Fitzpatrick routinely acknowledges that there are significant financial realities that must be addressed, but she also points out that this should not be the focus. Specifically, she suggests that instead we should move our focus to ‘values’. An aspect of which is addressing the academic realm of value measurement through individual achievement and prestige; a value often tied to exclusivity; quite the opposite of open knowledge. She goes on to argue that, ‘it is only in giving it away that we truly produce knowledge; it is only in escaping our self-absoption as a field and sharing our ideas with others, instead of talking among ourselves, that we can pay forward the loan that we have been so generously given’. It is this which is fundamentally at stake in the production of open knowledge. In the same way that the Gutenberg press enabled the proliferation of printed books across the globe, we are in the middle of another transformation, playing out in all of its complexity, with the potential to democratize knowledge another stage further.

 References

Kathleen Fitzpatrick, ‘Giving It Away: Sharing and the Future of Scholarly Communication’, Journal of Scholarly Publishing 43.4 (2012): 347-362.

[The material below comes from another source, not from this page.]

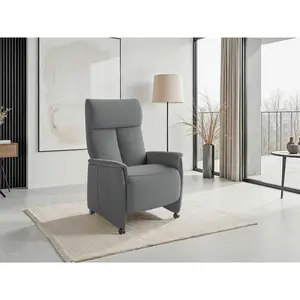Sit & More RELAXAČNÍ KŘESLO, textil, šedá
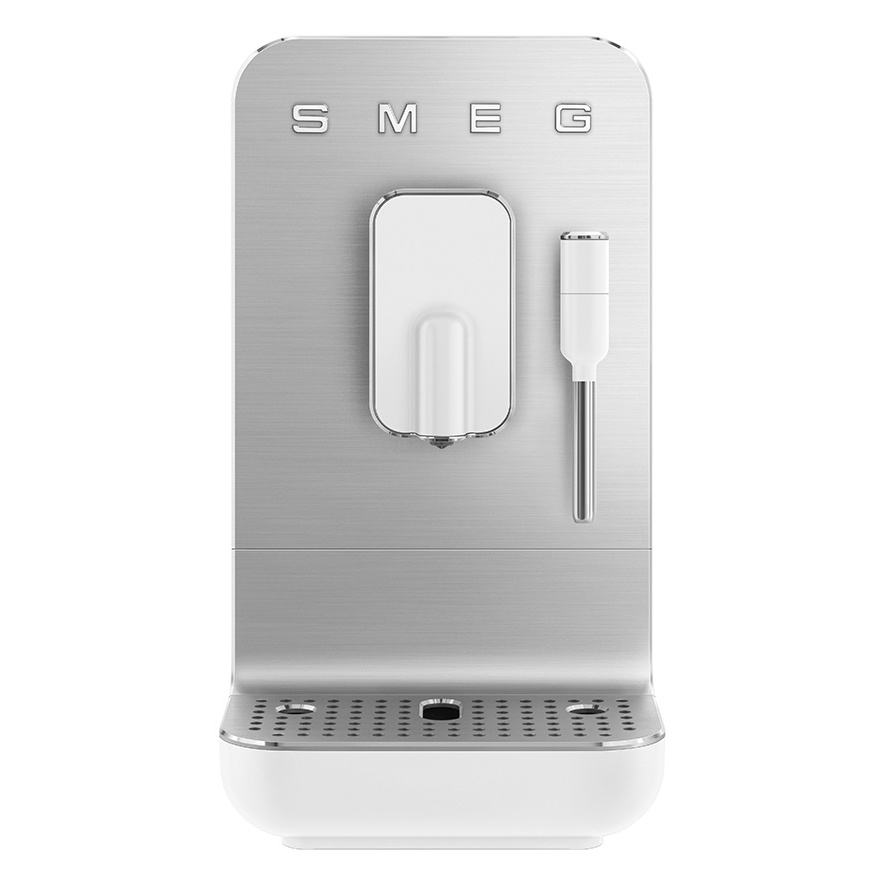 Machine à expresso Smeg BCC12WHMEU, broyeur intégré en acier inoxydable, 19 bar, réservoir 1,4 L, blanc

Andrew Murphie, ‘Ghosted Publics: The “Unacknowledged Collective” in the Contemporary Transformation of the Circulation of Ideas’, in Alessandro Ludovico and Nate Muller (eds) The Mag.Net Reader 3: Processual Publishing, Actual Gestures, OpenMute, 2008, pp. 98-110.

Manon A. Ress, ‘Open Access Publishing: From Principles to Practice’, in Gaëlle Krikorian and Amy Kapczynski (eds) Access to Knowledge in the Age of Intellectual Property, New York: Zone Books, 2010, pp. 475-498.